Conclusion: TIPO will apply the Patent Examination Guidelines that is effective at the time the invalidation decision is made. However, the IP Court is not bound by these guidelines. It may have a different opinion with regard to determining non-obviousness, which is an issue that lies that lies with the Patent Law rather than TIPO’s guidelines.
When a trademark owner defends its trademark in a non-use invalidation procedure, should the trademark owner submit evidence of use:
- in the “similar categorisation of product/service” to maintain its mark; or
- in the “exact categorisation of product/service” to defend its mark?
Conclusion: evidence of use in the “similar categorisation of the registered product/service” should be sufficient for the trademark owner to maintain the validity of its mark.
Article 30(1)(12) prohibits the registration of a trademark that has already been used by a third party. Does this prohibition extend to marks that have already been registered by a third party?
IP criminal litigation
Is the concept of a ‘copy’ under the Trade Secret Act the same concept as under the Copyright Act?
Conclusion: yes. The concept of a copy under the Trade Secret Act is the same as that under the Copyright Act. Other types of trade secret infringement that do not constitute a copy under the Copyright Act cannot be categorised as a copy of a trade secret. However, said infringement may still be punished as another unlawful means of trade secret misuse.

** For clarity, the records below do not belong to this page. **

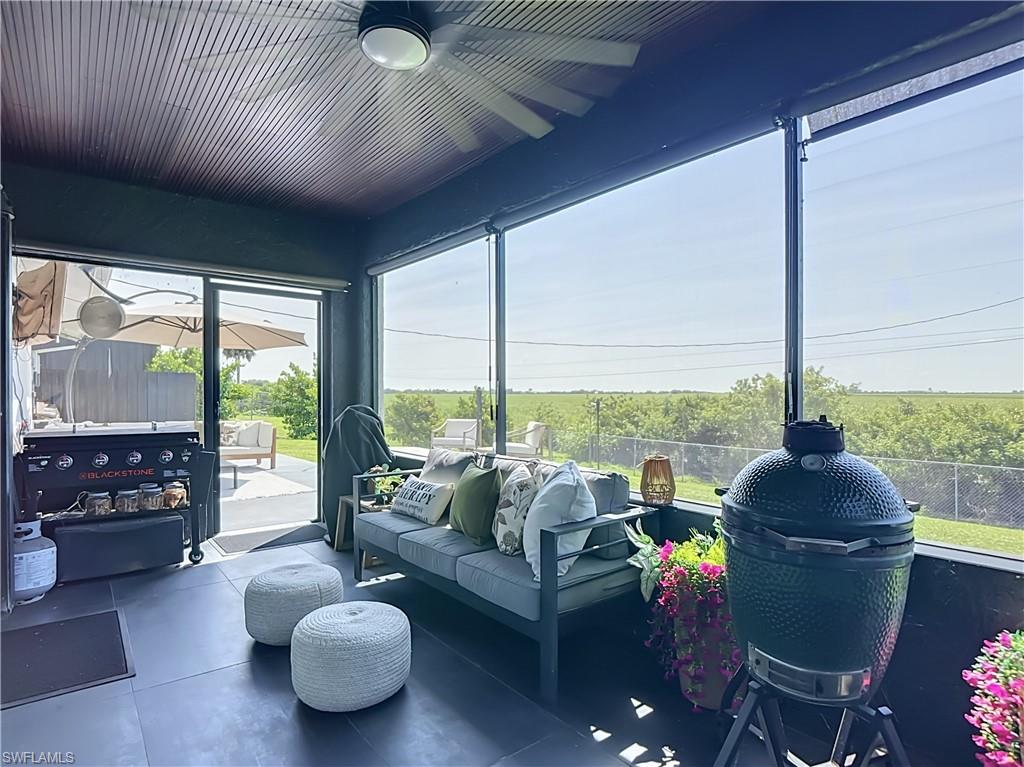 MOORE HAVEN - Residential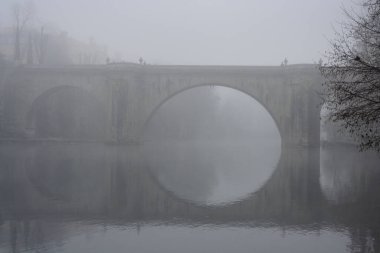 Portekiz 'in kuzeyinde, Tamega Nehri üzerindeki eski Amarante şehir köprüsü sisli bir sabah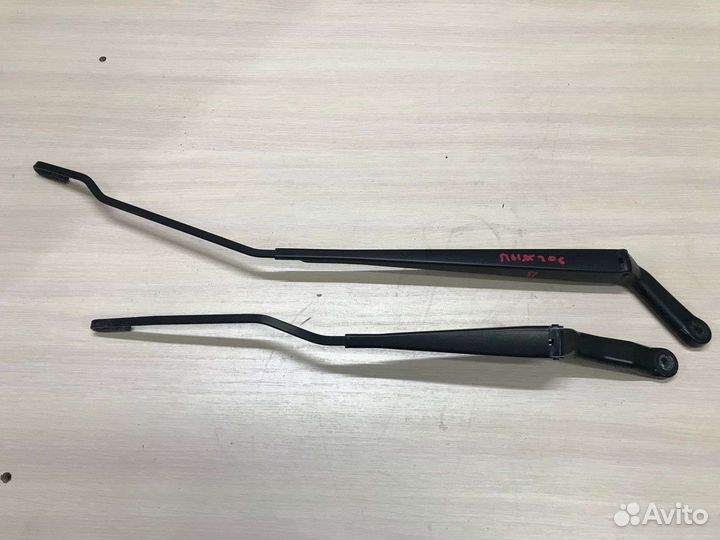 Поводки дворников Peugeot 206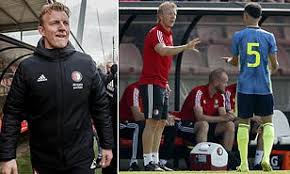 Former football player for fc utrecht, feyenoord. Gn1eac2hc2mbfm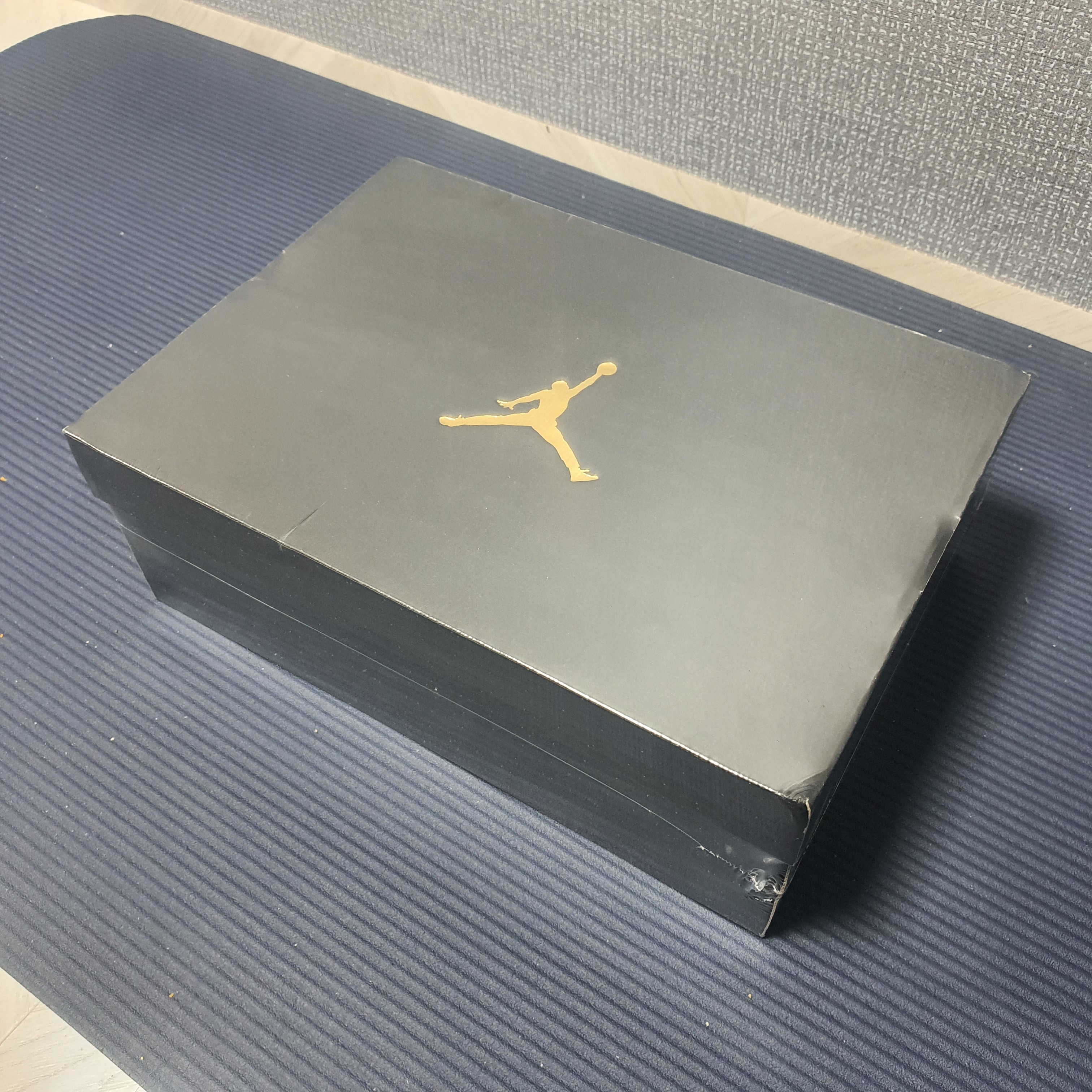 Jordan 1 Mid Black Chile Red 착용 스타일 - 3
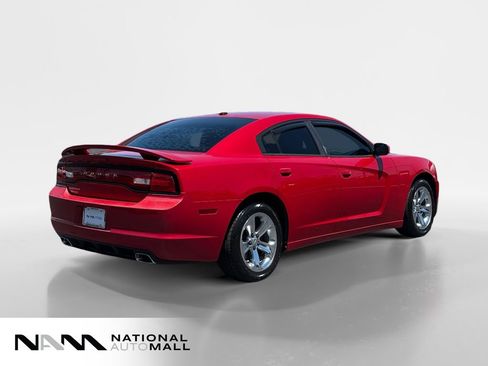 Used 2013 Dodge Charger SE w/ Sport Appearance Group RWD image 5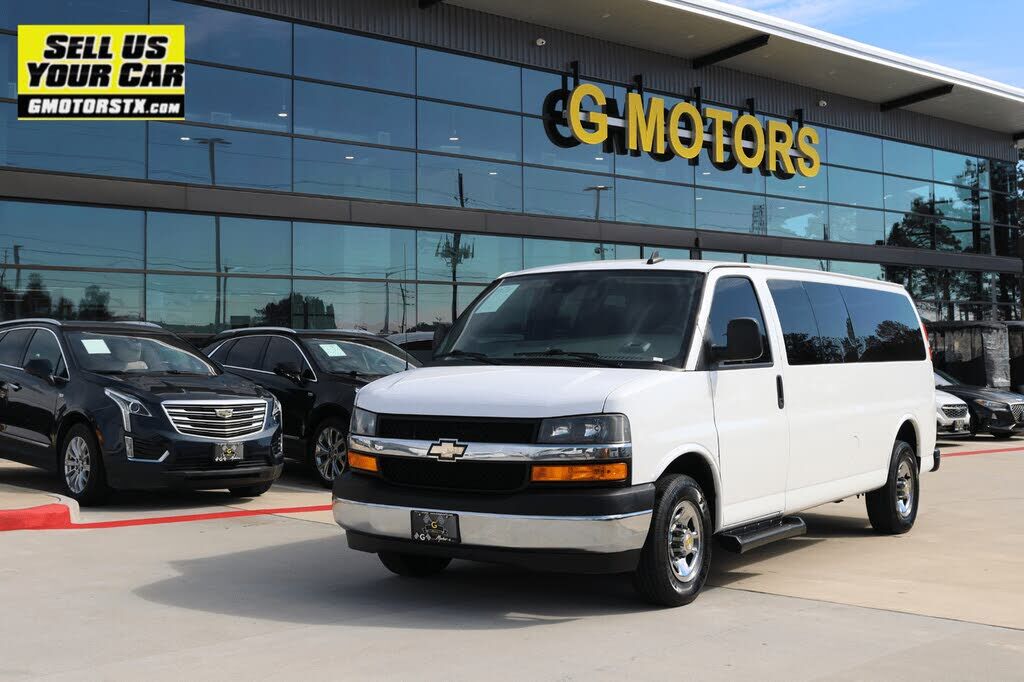 2019 CHEVROLET Express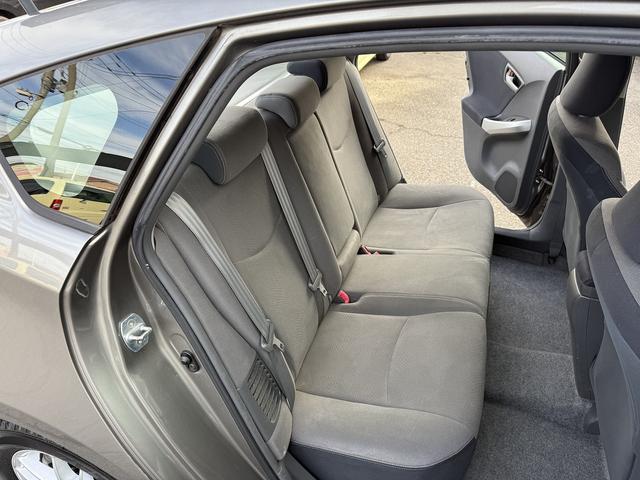 プリウス Ｓ　ＬＥＤエディション　自社　ローン　対応　ｉｓｔｏｐ　Ｓキー　ＥＴＣ　ナビ　　ワンセグ　ＣＤ　ＤＶＤ　Ｂｌｕｅｔｏｏｔｈ　ＬＥＤ　アルミ（27枚目）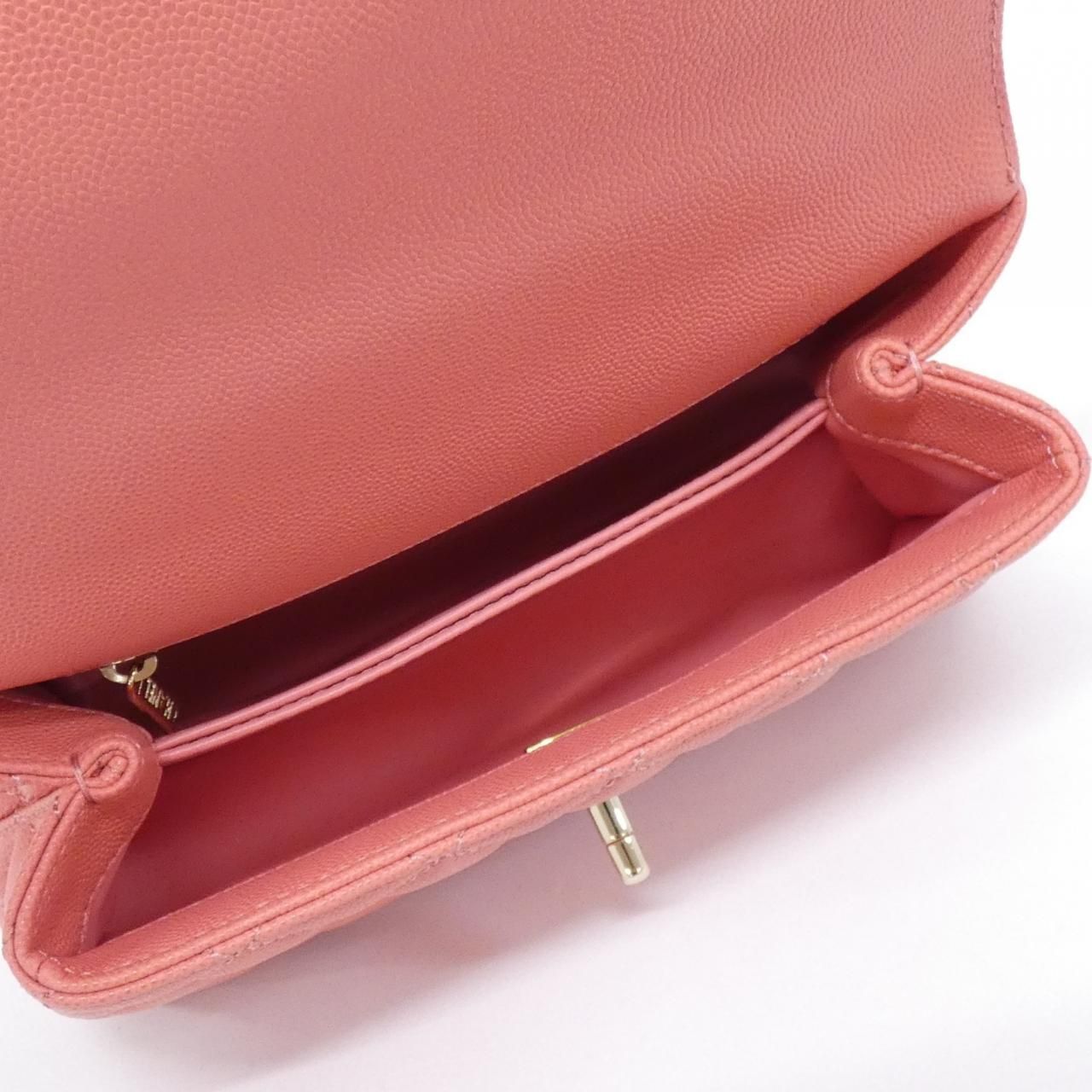 Chanel Bag Handbag Pink — view 6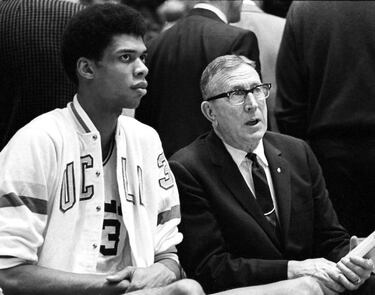 Es 1985: Kareem y los Lakers vencen en el Boston Garden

Is the scope of a business secret under the Criminal Law identical to the scope of a trade secret under the Trade Secret Law?
Conclusion: no. The scope of a business secret is not identical to the scope of a trade secret. The scope of a business secret is broader than the scope of a trade secret. The court will not use the legal requirements of a trade secret under the Trade Secret Law to define a ‘business secret’ in a criminal case. This was the only unanimous decision in this seminar.
How should unauthorised use of a copyrighted photographic work in an online advertisement be evaluated under criminal law? Should it be deemed an unlawful copy or unlawful public transmission?
Conclusion: it is an unlawful copy as well as unlawful public transmission and should be punished as unlawful public transmission.
This seminar has clarified many practical IP law issues, although many remain unresolved. Although there was clarification on the scope of a business secret under the Criminal Law as non-identical to the scope of a trade secret under the Trade Secret Law, the legal requirements of a business secret under the Criminal Law remain unsettled – the IP Court has not yet reached a consistent decision. Close observation and constant updates of the developments of court decisions is crucial to IP professionals and enterprises seeking protection of their trade secrets.